Percebo bem que as políticas identitárias assustem. Assustam porque têm um apelo inescapável, porque vão buscar simpatias à própria identidade das pessoas, à sua experiência pessoal, às vicissitudes que lhes construíram a personalidade e o sentido de si. Todas elas forças poderosas. De uma vez por todas devemos assumir que os eleitores querem ser representados por pessoas com quem se identifiquem de alguma forma, em quem se revejam, que acreditem tendo partilhado vivências que criam um elo entre eleito e eleitor. Há muito pouco, se alguma coisa, a fazer para combater isto.

Por outro lado, as políticas identitárias subvertem as alianças usuais até aqui, expressas mais ou menos nas várias linhas partidárias. De facto, não é ter mais ou menos dinheiro que evita que as mulheres sejam vítimas de crimes sexuais, ou que as protege contra a violência doméstica. E isso é uma ligação – o sentimento de vulnerabilidade a estas realidades que perpassa a todas – que pode ser, e muitas vezes é, mais forte que qualquer simpatia partidária ou de classe social.
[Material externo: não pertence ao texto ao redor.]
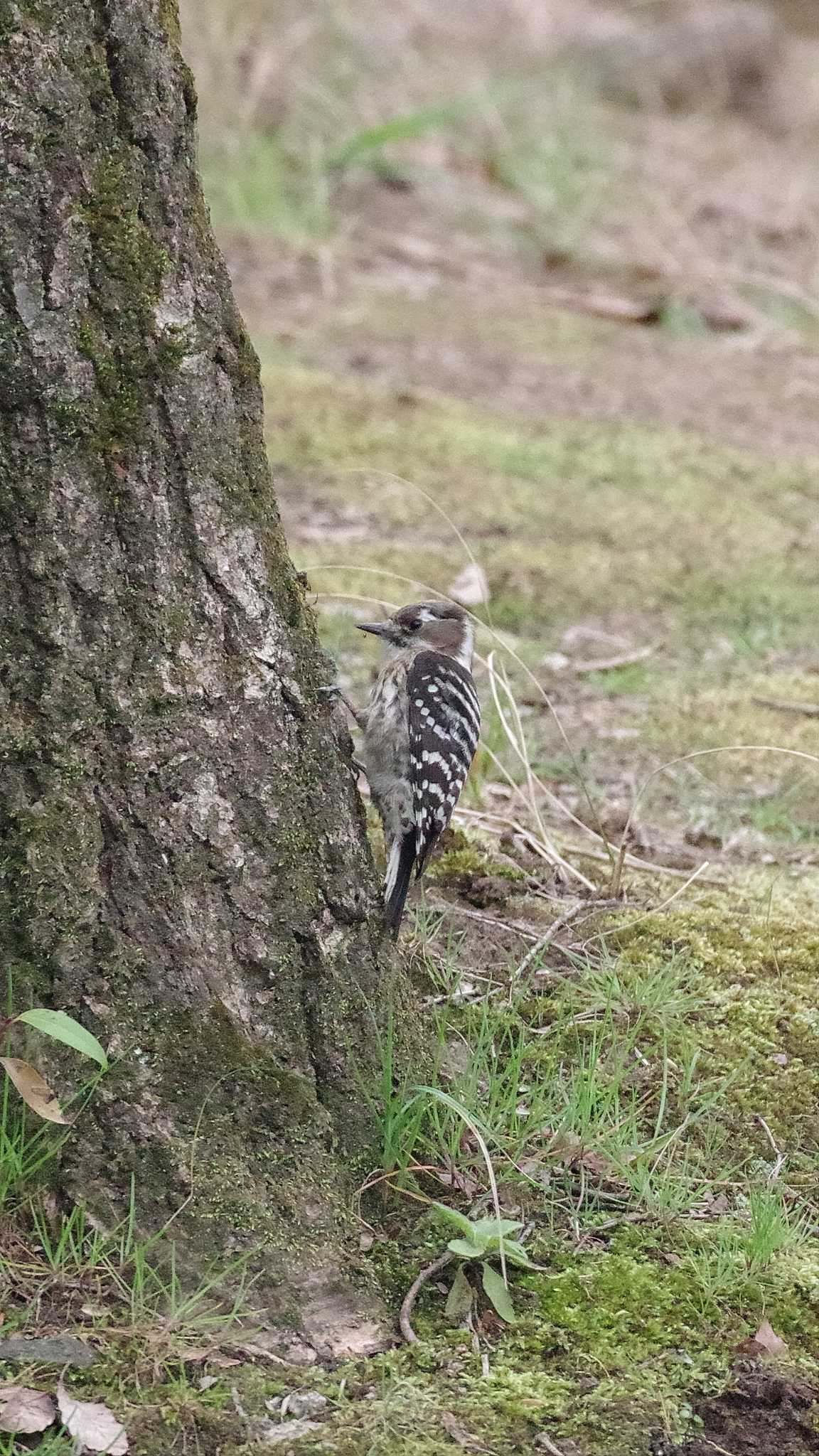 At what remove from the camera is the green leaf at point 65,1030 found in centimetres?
255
Todas as mulheres têm em cima histórias de discriminação (percebam-nas ou não), vivam mais ou menos acima na pirâmide social. Claro que ao fator de discriminação sexo se pode acrescentar o fator de discriminação pobreza, tornando as mulheres pobres mais vulneráveis ainda. E a pobreza pode gerar outras alianças. E muitos homens, à direita e à esquerda, estão interessados em garantir que afinal a discriminação económica é a que conta, em exclusivo. Só que, lá está, quem combate a discriminação económica tradicionalmente está mais interessado na sua agenda (a que resolve os problemas sentidos pelos homens pobres) que em defender os direitos (incluindo à integridade física e autodeterminação sexual) e as oportunidades das mulheres pobres.

Qualquer negro em Portugal é alvo de racismo, mesmo que seja endinheirado e frequente a universidade. Os gays e as lésbicas continuam sendo olhados de lado, gozados, os miúdos e as miúdas os destinatários preferenciais de bullying nas escolas. Não vejo bem como um gay pobre operário fabril tenha ímpetos de votar no PCP, o partido que, além de almejar representar o voto proletário, tem membros que espancam gays aos beijos na festa do Avante. Da mesma forma que não vislumbro que uma mulher, por muito upper class que seja, que já tenha sido vítima de violência sexual, ou em perigo disso, ou sofrido assédios vários, ou que não guarde castidade fora de situações de casamento, vá votar numa direita extremamente conservadora que promove os interesses económicos das elites – mas garante que assédio sexual é problema inexistente, a ausência de consentimento não implica que exista violação ou promova a inexistência de educação sexual nas escolas (a ver se as vagabundas que têm sexo sem estarem casadas engravidam, que é bem feito).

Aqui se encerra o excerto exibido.